Lane was one of several dozen victims of the devastating fire that burned more than 1,000 homes and businesses in Boulder County on Dec. 30, 2021 who testified before the Superior Town Trustees on February 14th about the pain and suffering that they have been through since in trying to rebuild their lives and homes.
And although everyone who testified asked for more help rather than more roadblocks, the Trustees put off until yet another meeting to decide whether to adopt the new codes that could push the price of rebuilding—according to some estimates—by many thousands more in additional costs not covered by insurance.
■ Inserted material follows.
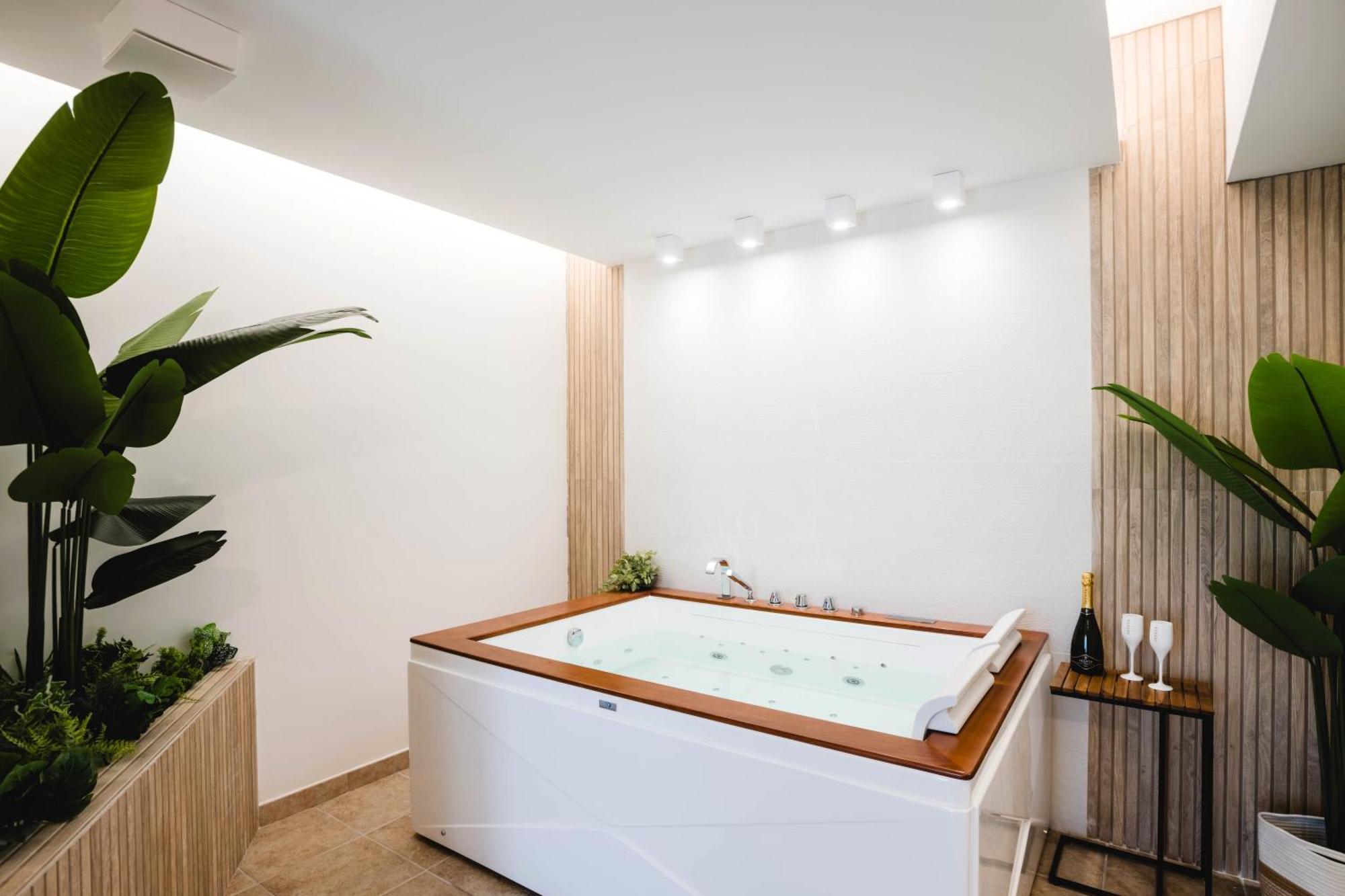 Sunway Luxury Apartments 2 Альгеро Экстерьер фото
Don’t kick us when we’re down
“This is not the right time for the energy code,” Lane said. “Based on how old these houses were, just by virtue of the code that is in place now would bring them up significantly. I feel this is really more for political gain and a feather in your cap. It’s an insult to the people who did lose their houses.”
Loretta Chavez said she feels like the town wants the long-time residents to leave. She asked board members to return to a time when neighbors helped neighbors.
“We’ve been here, some of us almost 80 years,” Chavez said through tears. “Why are you making it so hard for us? Just let us do what we have to do. We can’t afford to build a home under this policy, not even a modular.”
The two women were referring to the 2021 International Energy Conservation Code (IECC) that the town has planned to adopt for several months. In January, the Trustees put off discussing it further, at that time saying the matter was tabled indefinitely, but then brought it back at its February 14th meeting after Xcel Energy made promises of rebates–that the monopoly utility can’t actually guarantee–for fire victims who couldn’t afford the additional cost.
At odds, however, is just exactly how much the new codes will cost residents versus how much they might get in rebates to offset the cost. Environmental advocates brought in by the Superior town staff gave estimates of about $5,000 in incremental increases to the cost of building, but some say that number is far below reality.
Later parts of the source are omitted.